ML IPS in Ideco NGFW: signature-less protection against zero-day attacks

In 2020, during the recommended "remote work," we at Ideco reshaped the entire product roadmap and quickly released Ideco UTM VPN Edition - a version with enhanced capabilities for organizing, protecting, and controlling access for remote employees.

Doing anything else in an IT product at that time seemed untimely. It’s somewhat similar to now – not using AI tools in work and AI functionality in products for protection. At a time when attackers are actively using AI tools. And attacks are becoming increasingly sophisticated and faster.

In 2025, 90 zero-day exploits were recorded in the wild. 44% of zero-day attacks target corporate network devices - NGFWs and VPN gateways. The average time from CVE publication to its first exploitation in real attacks has reduced to 5 days and will shrink even further. No signature database can keep up with this pace. We discuss how we are working on the ML intrusion detection module in Ideco NGFW, what a real-world experiment with ISP RAN showed on 73 million sessions, and what limitations this approach has.

Why signatures are becoming ineffective

Signature-based IPS works fundamentally the same way as antivirus software in the 1990s: there is a database of known threats, there is incoming traffic, and there is comparison.
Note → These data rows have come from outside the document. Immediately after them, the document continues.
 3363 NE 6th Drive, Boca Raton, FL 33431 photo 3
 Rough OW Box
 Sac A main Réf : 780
IPS – for all its power, operates with pre-defined patterns.

The problem is not in the approach itself - the problem lies in the speed of emerging threats. According to Google Threat Intelligence Group, in 2025, 90 zero-day exploits were recorded in the wild. According to RAND Corporation, the average lifespan of a zero-day attack until its discovery is 312 days. During this time, a signature will not appear: it is impossible to write one for something that has not yet been detected.

A signature only appears after the attack has been discovered. There exists a vulnerability window between the emergence of a new exploit and the creation of a signature. A method is needed that does not rely on the existence of signatures. This is where machine learning comes into play.
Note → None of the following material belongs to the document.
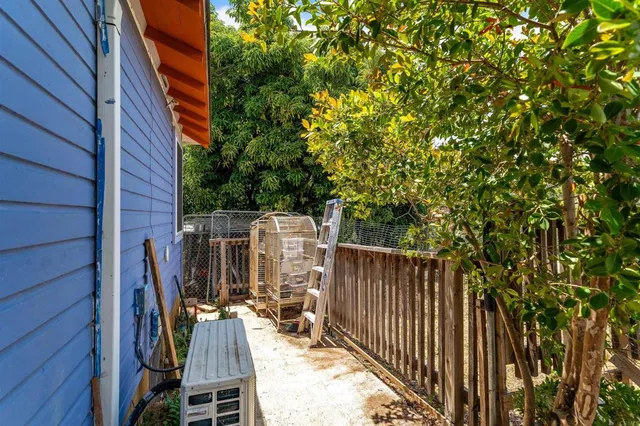 $742,000 | 2163 Gracey Lane, Fallbrook, CA 92028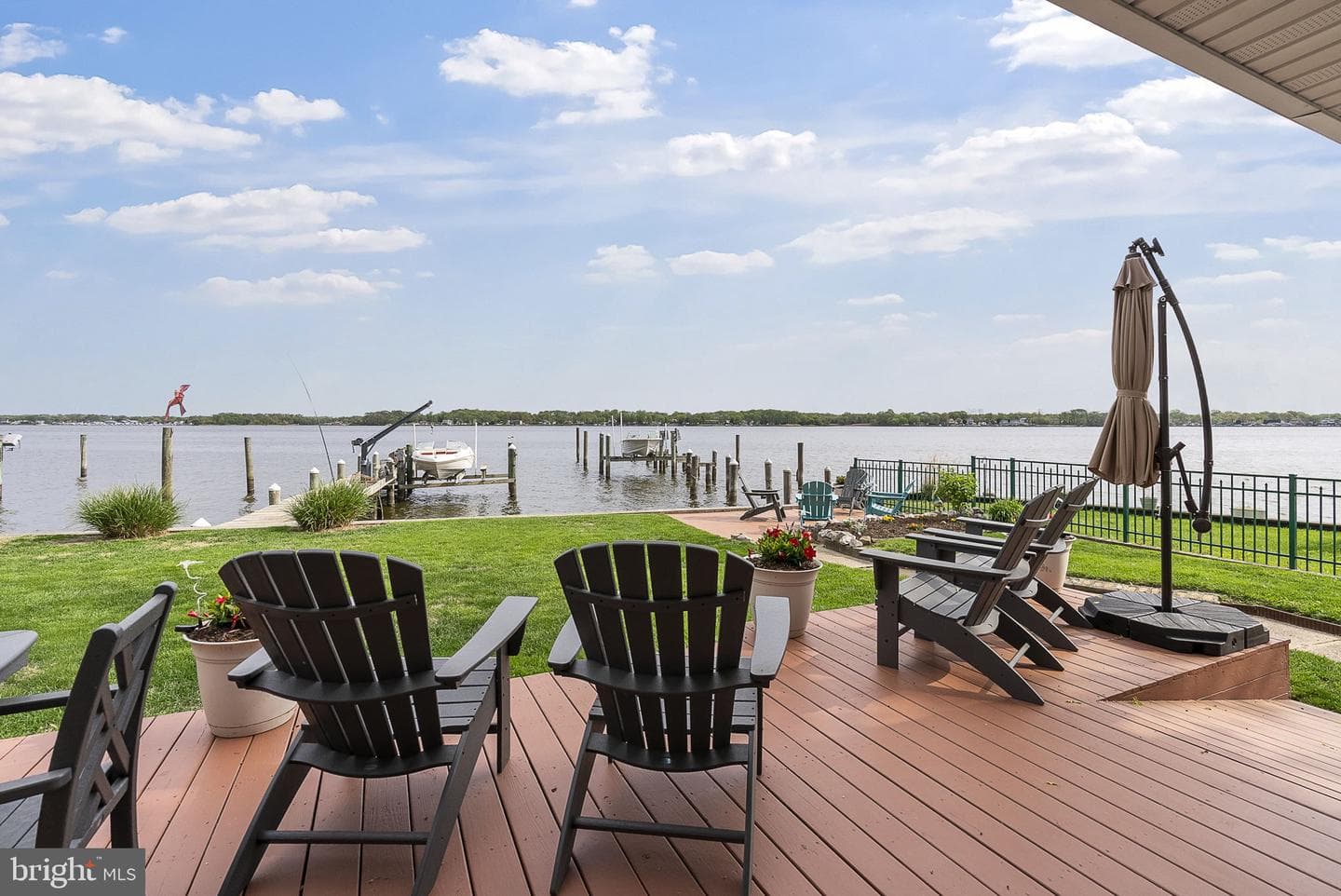 8354 Bletzer Road photo 36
What global leaders are doing

Palo Alto Networks, Fortinet, Cisco, Check Point, and Juniper have been integrating ML into their IPS for several years. Their approaches are fundamentally different - and this is instructive.

Among the variety of domestic NGFWs, ML-IPS has not yet been implemented by anyone, so Ideco NGFW will likely be the first.

Palo Alto: Deep Learning in the Cloud and on the Device

Advanced Threat Prevention is positioned as the first IPS in the industry capable of blocking zero-day attacks in inline mode. The architecture of the solution is hybrid: known traffic is processed by a classic signature engine (compatible with Snort/Suricata rules). Suspicious traffic that does not match signatures goes to the cloud for analysis by deep learning models—or is analyzed locally in Local Deep Learning mode directly on the device.

Specific results from Unit 42 tests on real traffic: ML model for detecting SQL injections - TPR 90% with FPR 0.02%. Model for command injection - TPR 92% with FPR 0.011%. According to the vendor's claims, the solution blocks 60% more zero-day injection attacks compared to traditional IPS.

Fortinet: ML as a Filter for the "Gray Zone"

In FortiOS 7.6, an interesting architectural principle has been implemented: ML is applied not to all traffic but only to the part that has passed through the signature filter without a definitive verdict. Signatures process "whitelist" and "blacklist," while ML works with the "gray zone." This reduces both false positives and computational load.

Models are delivered via a separate IPS-MLDB package from FortiGuard servers. Detection of Cobalt Strike has been reported with an accuracy of 99.6%.

Cisco: Fingerprinting Without Traffic Decryption

Cisco has focused on analyzing encrypted traffic without a MITM proxy. The Encrypted Visibility Engine (EVE) analyzes the TLS Client Hello during connection establishment and identifies the client process by the handshake "fingerprint." The database includes over 1 billion TLS fingerprints and 10,000 samples of malware daily. The system recognizes more than 5,000 client processes.

This is not a replacement for traffic inspection, but an additional layer: detecting malicious processes in encrypted connections without resource-intensive decryption.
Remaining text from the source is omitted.